XVIIIème Colloque de l'Aidelf
Carmen Lavallée université Sherbrooke, Canada
Françoise-Romaine Ouellette, (INRS, Canada)
L'adoption de l'enfant du conjoint en droit québécois, une institution en porte à faux
Résumé:
Le principal objectif du droit québécois a toujours été de donner une famille à un enfant
abandonné. Dans ce contexte, l'adoption plénière, qui a pour effet de rompre tous les
liens de droit entre l'enfant et sa famille d'origine, a été le seul modèle retenu. Or,
l'adoption de l'enfant du conjoint vise pourtant un autre but, soit de maintenir l'enfant
dans son cercle familial. L'adoption de l'enfant du conjoint sert, le plus souvent, à
consolider les liens tissés entre un enfant et un beau-parent. L'adoption sert alors à
normaliser la famille recomposée. Toutefois, la logique de substitution de l'adoption
plénière a aussi pour effet de couper l'enfant de sa lignée d'origine au profit de celle du
nouveau conjoint. La recherche confirme également l'idée selon laquelle ce serait surtout
la filiation paternelle d'origine qui serait ainsi écartée (Belmoktar 2009, Fines 2003).
Ce type d'adoption a aussi permis de contourner certaines interdictions légales.
Longtemps utilisée pour transformer une filiation naturelle en filiation légitime, elle
permet aujourd'hui de reconnaître l'adoption par un couple de même sexe lorsque
l'enfant est originaire d'un pays qui ne l'autorise pas ou pour écarter le lien de droit entre
l'enfant et une mère porteuse au profit du couple demandeur. L'adoption du conjoint
apparaît donc en porte à faux, soit par rapport au modèle dominant de l'adoption
substitutive, soit au regard des objectifs qu'elle poursuit.

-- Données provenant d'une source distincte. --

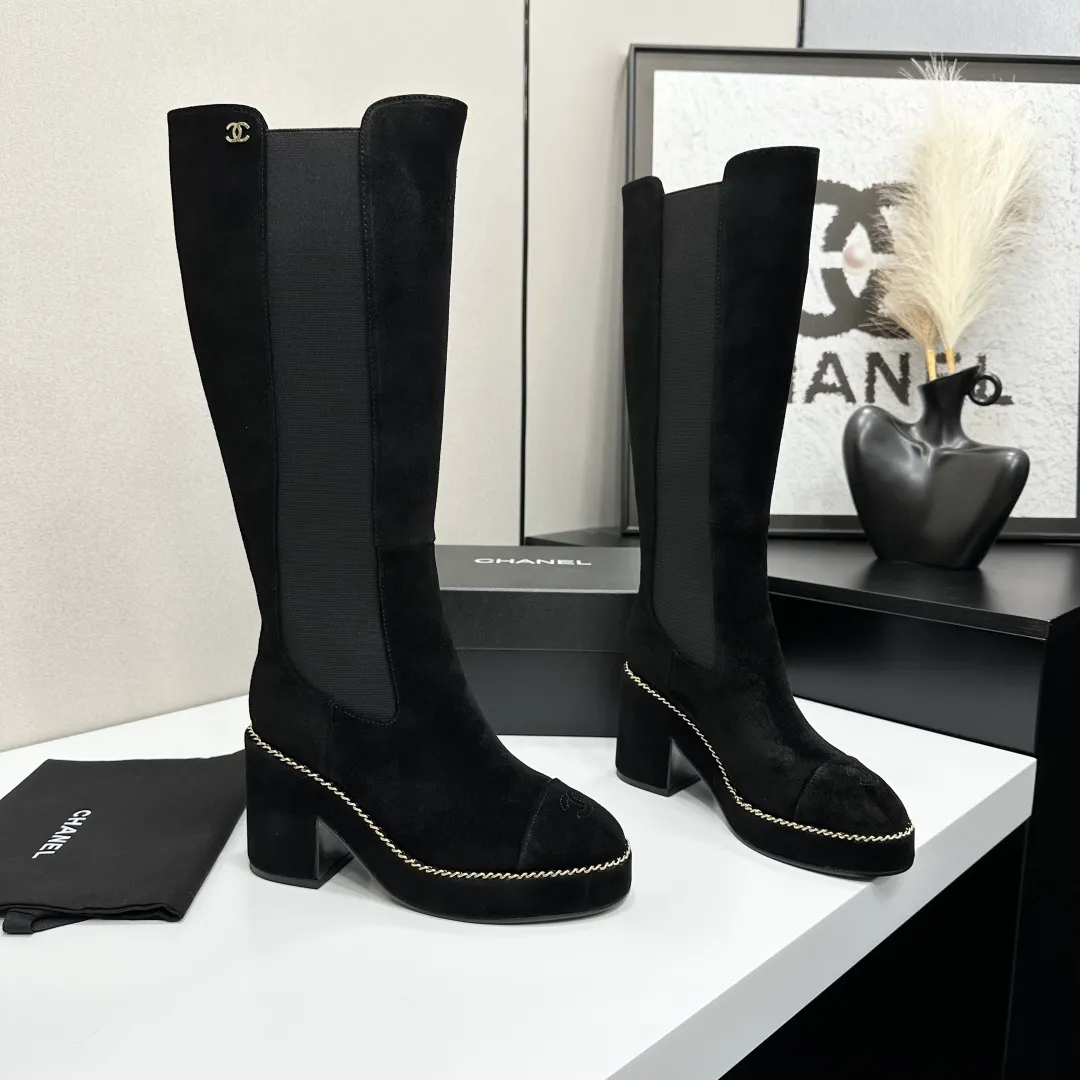 👟👟Ex-factory price 960👟👟 CHANEL Xiaoxiang 2024 autumn and winter sheepskin boots high boots knight boots The version is also the basic version of the Martin boots, neat and handsome. The upper is made of cowhide, super soft against the skin, wide and full, handsome and comfortable. The lining is soft water-dyed cowhide. The sole is original rubber outsole. Exclusive top quality 35-39. 40 customized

Pour faire face à ces difficultés, certains pays l'ont interdite ou limitée à des situations
particulières. C'est notamment le cas de la France. Or, cette solution ne semble pas non
plus satisfaisante. À l'heure où des réformes majeures du droit de la famille sont en
discussion en France et au Québec (Rapport Roy 2015 et Rapport Théry 2014), les enjeux
normatifs autour de l'adoption de l'enfant du conjoint illustrent qu'au travers cette
question, c'est la conception même de la filiation qui est remise en question.